The research field Fundamental Controllability Limits has the purpose of verifying (both the empirical soundness of premises and validity of formal reasoning of):
- Theoretical limits to controlling any AGI using any method of causation.
- Threat models of AGI convergent dynamics that are impossible to control (by 1.).
- Impossibility theorems, by contradiction of 'long-term AGI safety' with convergence result (2.)
~ ~ ~
Definitions and Distinctions
'AGI convergent dynamic that is impossible to control':
Iterated interactions of AGI internals (with connected surroundings of environment) that converge on (unsafe) conditions, where the space of interactions falls outside even one theoretical limit of control.
'Control:'
- In theory, the control of system A over system B means that A can influence system B to achieve A’s desired subset of state space [Source: https://dl.acm.org/doi/10.1145/3603371].

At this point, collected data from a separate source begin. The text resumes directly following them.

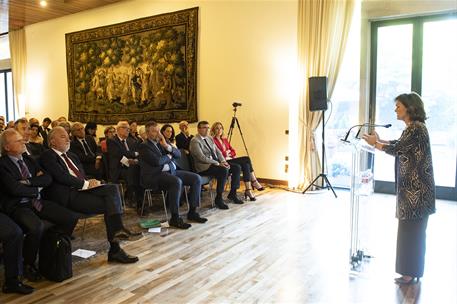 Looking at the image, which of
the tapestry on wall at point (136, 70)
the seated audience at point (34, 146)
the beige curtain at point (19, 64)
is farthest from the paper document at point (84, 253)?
the beige curtain at point (19, 64)

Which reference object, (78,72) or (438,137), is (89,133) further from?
(438,137)

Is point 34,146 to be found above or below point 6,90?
below

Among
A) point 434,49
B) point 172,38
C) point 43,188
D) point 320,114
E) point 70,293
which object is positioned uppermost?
point 172,38

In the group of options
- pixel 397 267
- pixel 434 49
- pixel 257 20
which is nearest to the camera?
pixel 397 267

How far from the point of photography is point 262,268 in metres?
3.24

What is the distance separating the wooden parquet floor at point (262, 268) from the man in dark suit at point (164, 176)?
11.1 inches

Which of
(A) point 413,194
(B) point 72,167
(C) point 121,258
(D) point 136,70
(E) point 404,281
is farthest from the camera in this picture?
(D) point 136,70

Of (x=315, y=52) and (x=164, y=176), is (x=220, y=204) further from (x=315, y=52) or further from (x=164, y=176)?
(x=315, y=52)

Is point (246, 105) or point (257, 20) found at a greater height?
point (257, 20)

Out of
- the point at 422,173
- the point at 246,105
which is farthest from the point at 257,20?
the point at 422,173

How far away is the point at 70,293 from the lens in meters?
2.77

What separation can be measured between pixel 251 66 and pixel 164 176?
3321 millimetres

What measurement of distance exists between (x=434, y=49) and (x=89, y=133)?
18.3 ft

- In practice, to engineer control of AGI requires tracking (detecting, modelling, simulating, comparing against references) effects internally to then correct for those effects externally.
'Long term':
- In theory: into perpetuity.
- In practice: over a thousand years.
'AGI safety':
Ambient conditions/contexts around planet Earth changed by the operation of AGI fall within the environmental range that humans need to survive (a minimum-threshold definition of safety).
'AGI':
That the notion of 'artificial intelligence' (AI) can be either "narrow" or "general":
That the notion of 'narrow AI' specifically implies:
- a single domain of sense and action.
- no possibility for self base-code modification.

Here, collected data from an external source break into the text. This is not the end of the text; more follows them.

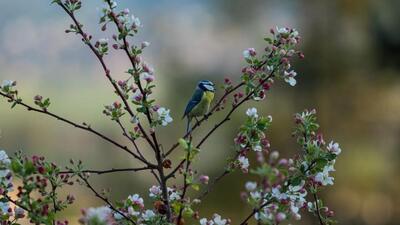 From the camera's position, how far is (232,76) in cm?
466

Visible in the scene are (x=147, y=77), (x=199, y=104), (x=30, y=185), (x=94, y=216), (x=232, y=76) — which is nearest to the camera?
(x=94, y=216)

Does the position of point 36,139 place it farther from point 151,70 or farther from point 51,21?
point 151,70

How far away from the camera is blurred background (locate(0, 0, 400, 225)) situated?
478 cm

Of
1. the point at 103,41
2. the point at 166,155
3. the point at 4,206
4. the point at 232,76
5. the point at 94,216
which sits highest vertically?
the point at 232,76

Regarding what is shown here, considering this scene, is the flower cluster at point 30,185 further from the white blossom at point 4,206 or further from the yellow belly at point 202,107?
the yellow belly at point 202,107

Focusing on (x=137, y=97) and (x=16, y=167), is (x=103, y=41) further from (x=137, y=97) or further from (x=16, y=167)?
(x=16, y=167)

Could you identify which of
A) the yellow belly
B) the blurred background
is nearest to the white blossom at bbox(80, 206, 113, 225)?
the yellow belly

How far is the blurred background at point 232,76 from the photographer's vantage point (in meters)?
4.78

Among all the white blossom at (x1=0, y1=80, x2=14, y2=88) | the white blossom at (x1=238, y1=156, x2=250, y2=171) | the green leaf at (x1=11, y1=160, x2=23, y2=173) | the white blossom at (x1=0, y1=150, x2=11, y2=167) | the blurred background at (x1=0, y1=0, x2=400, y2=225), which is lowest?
the green leaf at (x1=11, y1=160, x2=23, y2=173)

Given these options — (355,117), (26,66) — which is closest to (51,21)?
(26,66)

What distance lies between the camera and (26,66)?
505cm

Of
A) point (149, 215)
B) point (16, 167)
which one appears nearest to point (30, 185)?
point (16, 167)

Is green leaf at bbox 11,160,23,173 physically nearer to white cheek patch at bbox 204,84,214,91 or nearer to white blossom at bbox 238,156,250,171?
white blossom at bbox 238,156,250,171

- a single well-defined meta-algorithm.
- that all aspects of its own self agency/intention are fully defined by its builders/developers/creators.
That the notion of 'general AI' specifically implies:
- multiple domains of sense/action;
- intrinsic non-reducible possibility for self-modification;
- and that/therefore; that the meta-algorithm is effectively arbitrary; hence;
- that it is inherently undecidable as to whether all aspects of its own self agency/intention are fully defined by only its builders/developers/creators.
[Source: https://mflb.com/ai_alignment_1/si_safety_qanda_out.html#p3]